The measure of an inscribed angle is half the measure of the intercepted arc.

That is, $m\angle ABC=\frac{1}{2}m\angle AOC$. This leads to the corollary that in a circle any two inscribed angles with the same intercepted arcs are congruent. Here, $\angle ADC\cong \angle ABC\cong \angle AFC$.

Example 1:

Find the measure of the inscribed angle $\angle PQR$. By the inscribed angle theorem, the measure of an inscribed angle is half the measure of the intercepted arc.
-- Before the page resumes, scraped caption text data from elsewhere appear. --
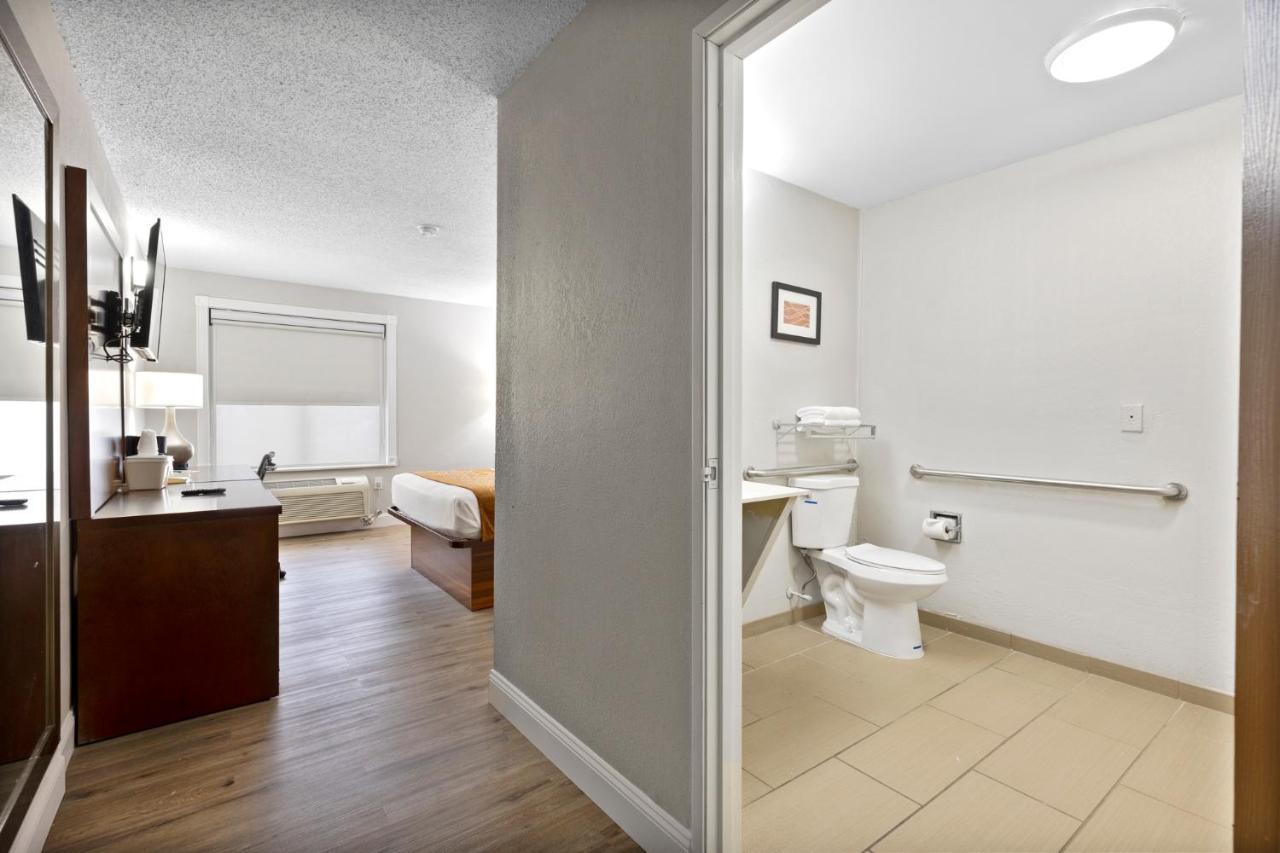 Comfort Inn & Suites St Louis-Hazelwood Extérieur photo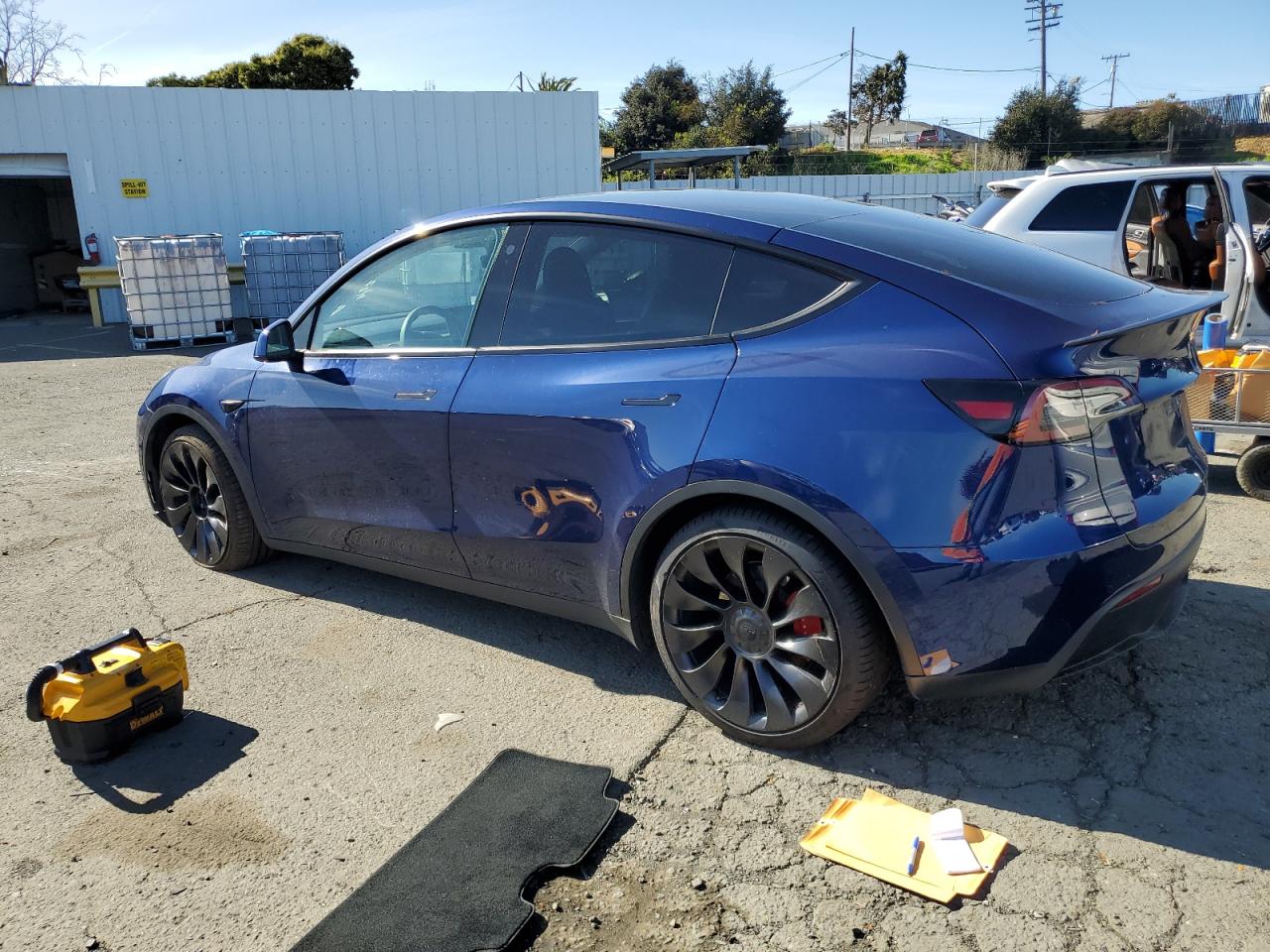 2022 Tesla Model Y VIN: 7SAYGDEF5NF575709 Lot: 46235694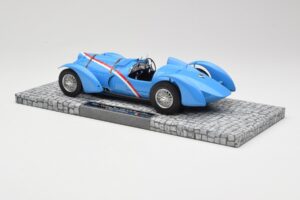 Ecurie Bleue Delahaye Type 145 V12 R. Dreyfus Coupe du Million Montlhery 1937 Minichamps 1:18 107116100 Diecast - image 5 of 6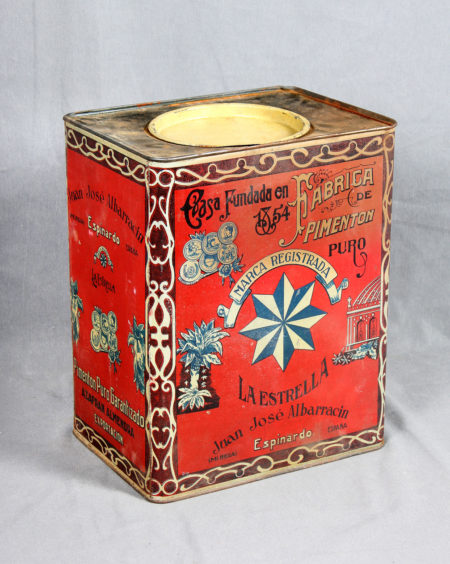 An Antique Lithographed Tin Plate Box- An Antique Lithographed Tin Plate Box-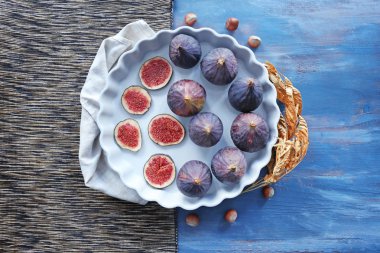 Tablo tarih temiz olgun incir ile çanak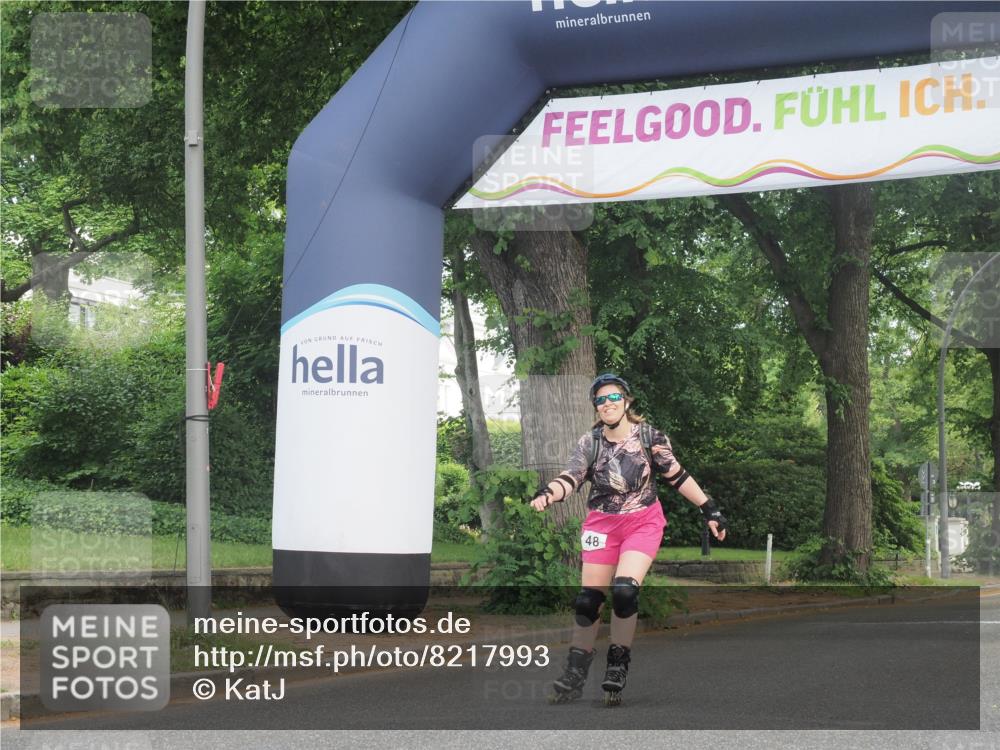 29.06.2025 - hella hamburg halbmarathon KatJ http://msf.ph/oto/8217993 29.06.2025 09:36:21 Zwischen KM18-KM19  meine-sportfotos.de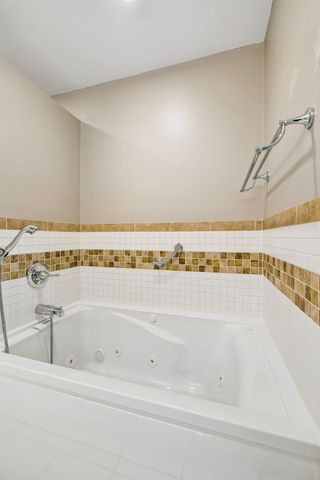 231 Green Harbor Rd Unit 101, Old Hickory, TN 37138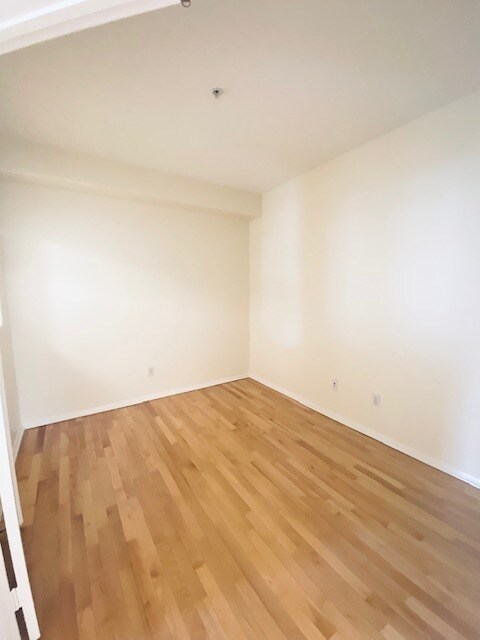 Building Photo - 350 K St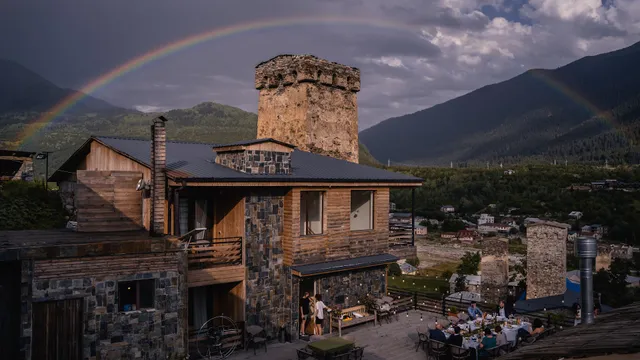 Old House Hotel/Restaurant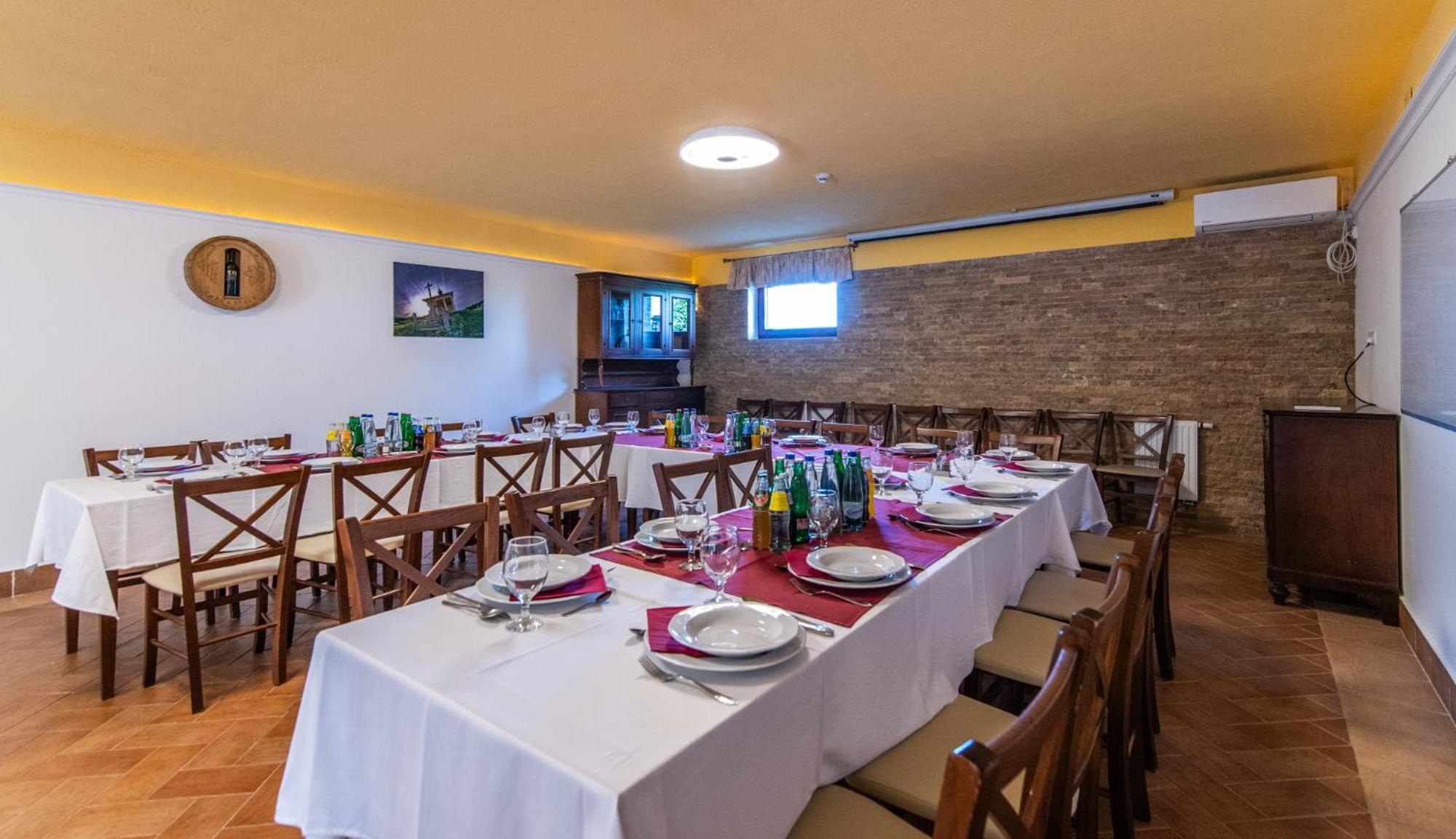 Borhotel Sziluett Farkasmály Gyöngyös Esterno foto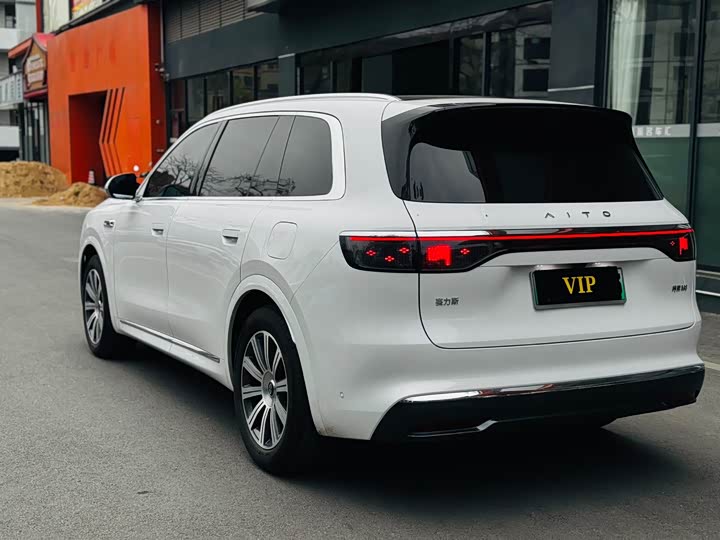 Aito M8 2025 2025款 增程 Max版 37kWh 5座版
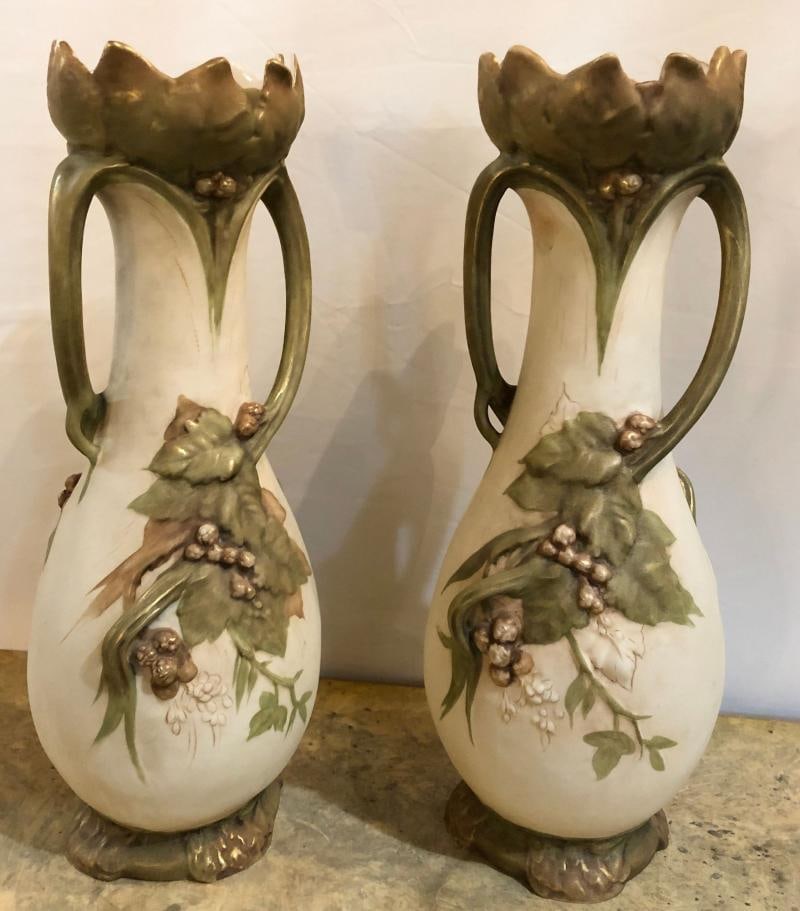 Pair of Royal Dux Flower Vases or Centerpieces, Art Nouveau Era - 3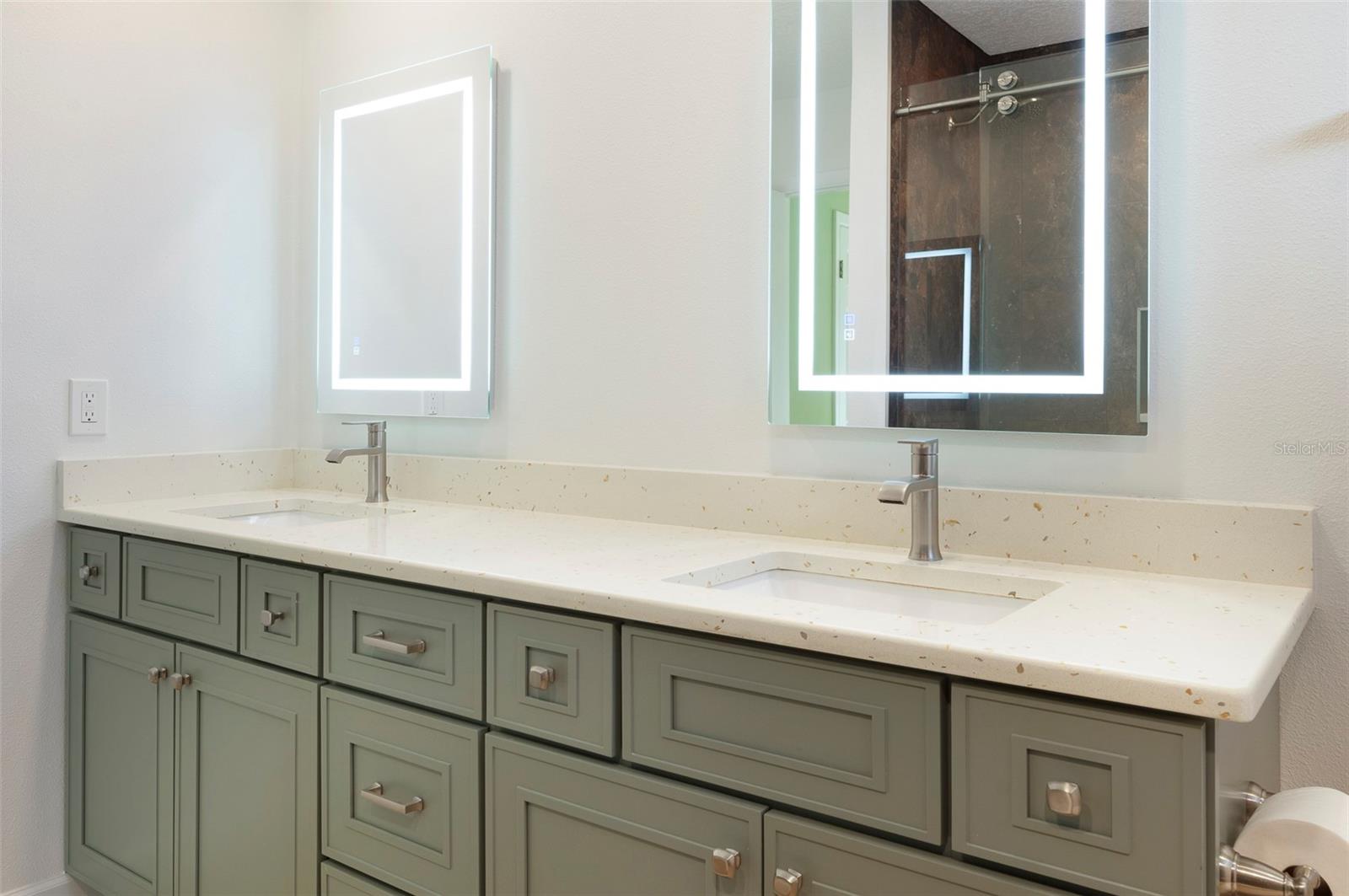 SEMINOLE LAKE GOLF & COUNTRY CLUB ESTATES - Residential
The measure of the central angle $\angle POR$ of the intercepted arc $\stackrel{⌢}{PR}$ is $90°$.

Therefore,

$\begin{array}{l}m\angle PQR=\frac{1}{2}m\angle POR\\ \text{\hspace{0.17em}}\text{\hspace{0.17em}}\text{\hspace{0.17em}}\text{\hspace{0.17em}}\text{\hspace{0.17em}}\text{\hspace{0.17em}}\text{\hspace{0.17em}}\text{\hspace{0.17em}}\text{\hspace{0.17em}}\text{\hspace{0.17em}}\text{\hspace{0.17em}}\text{\hspace{0.17em}}\text{\hspace{0.17em}}\text{\hspace{0.17em}}\text{\hspace{0.17em}}\text{\hspace{0.17em}}\text{\hspace{0.17em}}\text{\hspace{0.17em}}\text{\hspace{0.17em}}=\frac{1}{2}\left(90°\right)\\ \text{\hspace{0.17em}}\text{\hspace{0.17em}}\text{\hspace{0.17em}}\text{\hspace{0.17em}}\text{\hspace{0.17em}}\text{\hspace{0.17em}}\text{\hspace{0.17em}}\text{\hspace{0.17em}}\text{\hspace{0.17em}}\text{\hspace{0.17em}}\text{\hspace{0.17em}}\text{\hspace{0.17em}}\text{\hspace{0.17em}}\text{\hspace{0.17em}}\text{\hspace{0.17em}}\text{\hspace{0.17em}}\text{\hspace{0.17em}}\text{\hspace{0.17em}}\text{\hspace{0.17em}}\text{\hspace{0.17em}}=45°\end{array}$.

Example 2:

Find $m\angle LPN$. In a circle, any two inscribed angles with the same intercepted arcs are congruent.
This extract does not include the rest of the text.